После бурной ночи мирная атмосфера волшебного утра доставляла райское наслаждение.
Дядя, приподнявшись, сел и обхватил руками колени. Помолчав пару минут, он произнес одну из своих типичных задумчивых фраз:
– Чем дальше мы уходим от человека, тем прекраснее становится мир. – Затем встал на ноги и добавил: – Давай позовем этих рыбаков, чтобы перевезли нас на тот берег. Я тороплюсь. В конторе меня ждет куча дел.
Китайцы заметили мои сигналы и, бросив своё занятие, направили лодки к нам. Через пятнадцать минут они достигли нашего берега и с наивными улыбками помогли забраться в свои утлые суденышки, такие крошечные, что ради безопасности нам пришлось сесть в разные лодки. Лишь плеск весел в воде нарушал тишину, пока мы плыли обратно через реку. Было так тихо, что я задремал.
Одевшись, мы отправились в яхт-клуб. Как только нам подали завтрак на открытой веранде, толпа девушек из кабаре в сопровождении блестяще одетых молодых людей ввалилась в зал и села в противоположном углу. Они были пьяны и вели себя очень шумно. Мы спешно закончили есть и брезгливо покинули ресторан. Дядя поехал на такси в контору, а я отправился домой.
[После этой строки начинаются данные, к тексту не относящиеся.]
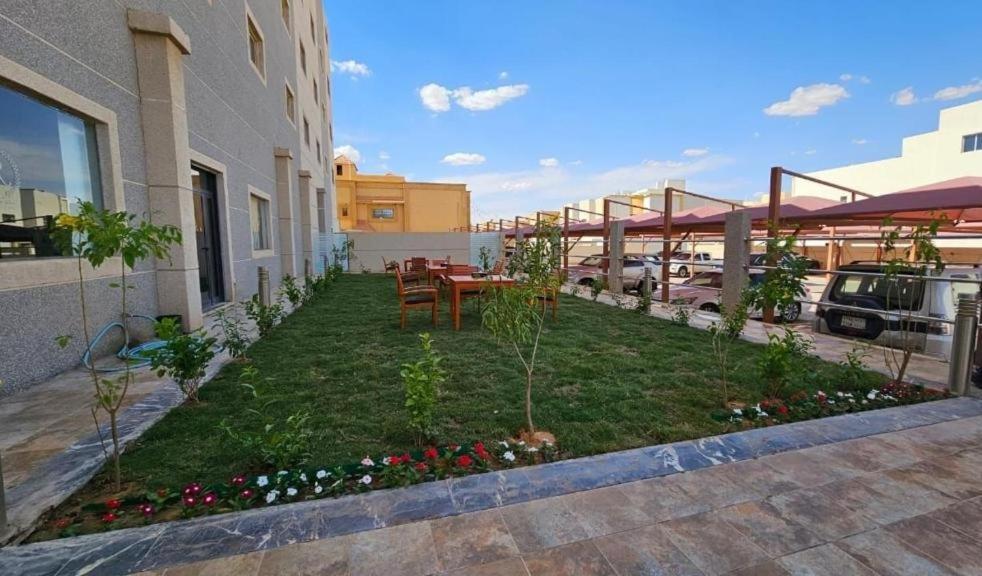 Raoum Inn Buraydah Exterior foto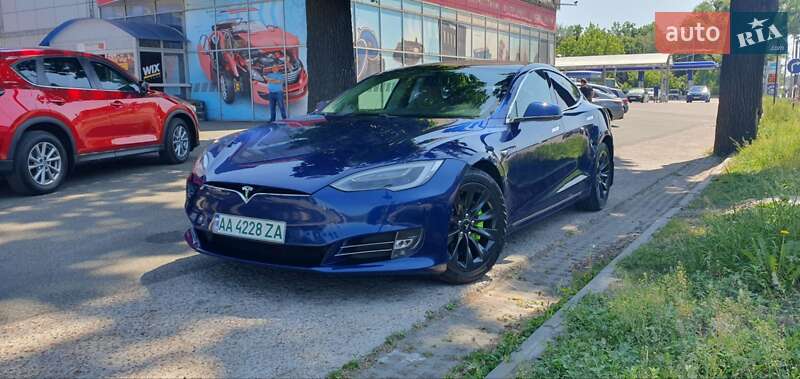 Лифтбек Tesla Model S 2017 в Киеве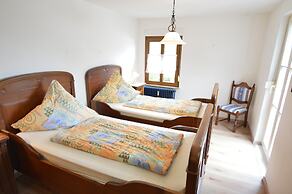 Holiday Home in Morscheid-riedenburg With Balcony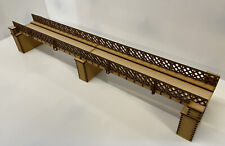 600 mm Gitterzaun Brücke Modellbausatz. Ziegelstützen. Eisenbahn. OO/HO Messgerät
После обеда в тот день отец позвал меня в свой кабинет. Он закрыл дверь, придвинул своё кресло поближе к камину, зажёг трубку и, немного помолчав, сказал:
– Сынок, мне очень не нравится то, что происходит с тобой, и я думаю, тебе самому это не нравится тоже. Я договорился о твоём увольнении из армии и поступлении на службу в Американский Экспедиционный Корпус, по крайней мере на время. С твоим знанием языков и обстановки на Востоке и в Сибири ты можешь быть очень полезен нашим американским союзникам в их делах в России. Вот письмо от американского консула к генералу Грейвсу и билет до Владивостока. Мать уже уложила твои вещи, и ты едешь на ближайшем поезде.
Мне едва исполнилось двадцать, и то, что кто-то другой устраивает мою судьбу, меня еще не задевало. На самом деле я уже давно ждал, что отец воспротивится тому образу жизни, что я вёл. Я посмотрел в его усталые, задумчивые глаза и подумал: «Благослови тебя Бог, отец».
Часть II
С Грейвсом и Колчаком в Сибири
После революции Сибирь представляла собой огромную сцену, наводненную непрофессиональными актерами, самоприглашенными интервентами, якобы посланными «спасти» Россию от большевиков. Они исполняли странные роли, которых никак не могли выучить ни сами актеры, ни их партнеры по сцене. В результате вся пьеса превратилась в полный раздрай.
Сначала англичане, французы, японцы и чехи поддерживали Колчака, а американцы, канадцы, итальянцы и китайцы были против него. Затем неожиданно канадцы заявили, что неблагодарная задача вразумления русских отступников их больше не интересует, и вывели войска.
Японцы тем временем решили, что англичане и французы проявляют слишком много инициативы там, где лежит сфера безусловно японских интересов, и поддержали головореза Семенова. Тот был поставлен над Забайкальем и контролировал единственную линию коммуникации Колчака с внешним миром. Под их давлением Семенов выступил против адмирала, а французы с англичанами вынуждены были закрыть на это глаза и прийти к соглашению[6]
.Одновременно с этим чехи, с которых и начались все события, захватили огромное количество русского военного имущества, не говоря уже о прочем барахле вроде швейных или сельскохозяйственных машин, и решили, что настал самый подходящий момент покинуть Россию. В оправдание своих действий они объявили, что не желают более соучаствовать в преступлениях и поддерживать Колчака.